:: Dataset excerpt
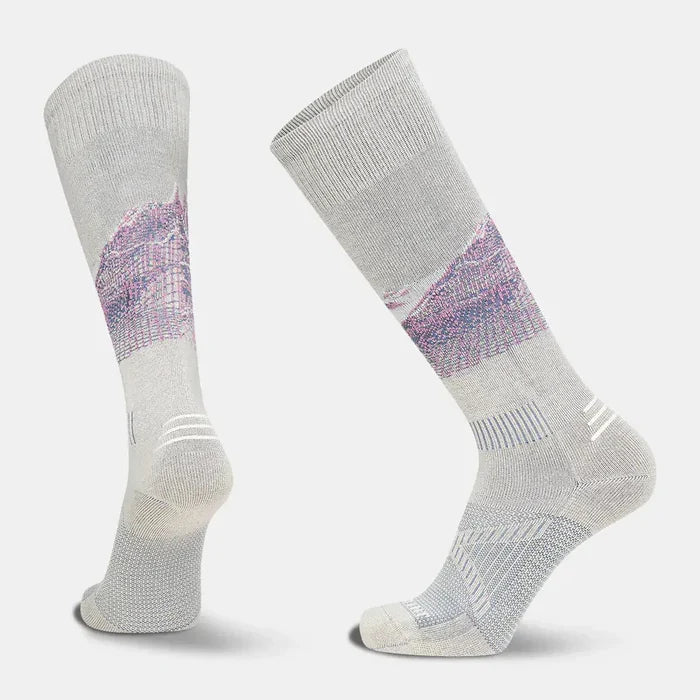LE BENT M / NEUTRAL Le Bent Pro Series Elyse Saugstad Socks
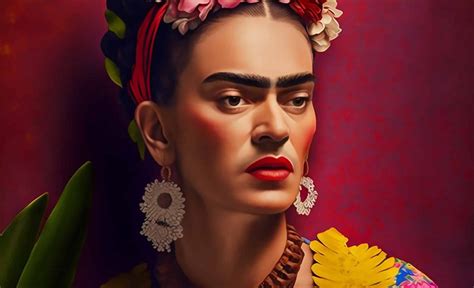 Becoming Frida Kahlo: new BBC documentary paints a compelling portrait ...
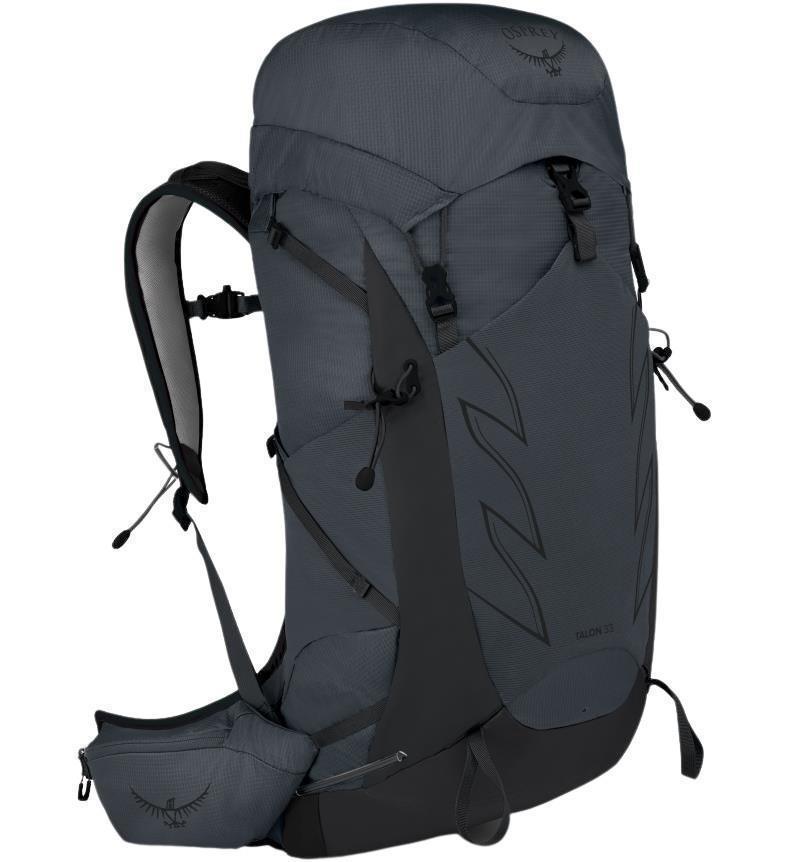 Talon 33 - Mens - Eclipse Grey 1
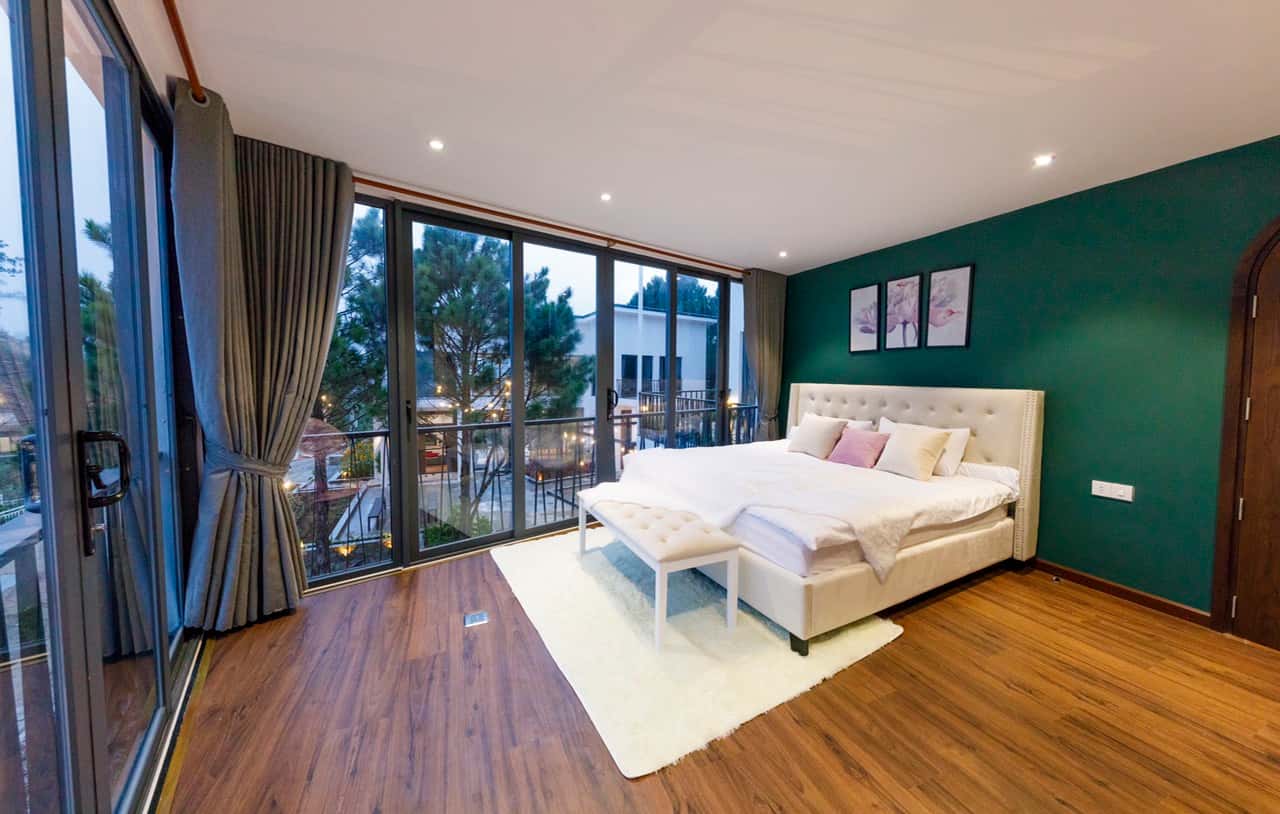 Nhà Trắng 8PN, Đà Lạt — ảnh 12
::::
What you are asked to do:
Please return the lines from the line with "Becoming Frida Kahlo: new" through the last line of the data, both included, exactly, and without pictures.

Task output:
 Becoming Frida Kahlo: new BBC documentary paints a compelling portrait ...
 Talon 33 - Mens - Eclipse Grey 1
 Nhà Trắng 8PN, Đà Lạt — ảnh 12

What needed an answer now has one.